Eli Bates: ‘Uncle Rook’, (1845–1924)
Maternal great-uncle

Eli was an older brother to H.E.’s maternal grandmother, Deborah Bates. He appears in the story 'Great Uncle Crow'. 'Fishing' is another tale of crafty old fishermen. In In the Heart of the Country (p.28), H.E. describes him in as ‘the piscatorial saint’ of the family.

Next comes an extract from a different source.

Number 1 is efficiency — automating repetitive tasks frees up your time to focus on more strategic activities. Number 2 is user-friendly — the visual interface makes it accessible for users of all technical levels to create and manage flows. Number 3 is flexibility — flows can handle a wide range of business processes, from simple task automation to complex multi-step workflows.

'He never worked, but could angle like an angel. A half-crazy rip-van-winkle kind of man who lived the life of a celibate hermit as far as I know on about threepence a week, who even into his old age was a master fisherman, a superb and cunning artist who could take rod and line on any day of the season and sit by the river between two bungling duffers who had sat there without a bite all day, and proceed to pull out the fish almost as fast as he could bait the hook. In the sober midland districts in whose rivers he fished his name is still remembered with wonder and a little awe. I remember him with just those emotions myself, seeing him as a tall, gloomy sepulchral man, with black coat faded to snuff-colour, white tobacco-stained beard, black rimmed spectacles, walking along in eternal piscatorial preoccupation, never recognising any of us except my father, with whom he sometimes stopped in the street and held brief beard-muffled conversations. With his sleepy, milky-white old eyes he looked about as likely to catch a fish as an elephant. Yet men will say to me ‘Rook was a masterpiece’. A man never had a better nickname. It describes perfectly the gloomy, hunched up figure sitting on the river bank or walking in the streets, lost in preoccupation during the fishing season, like some lonely old rook waiting for spring days’ (Flowers and Faces).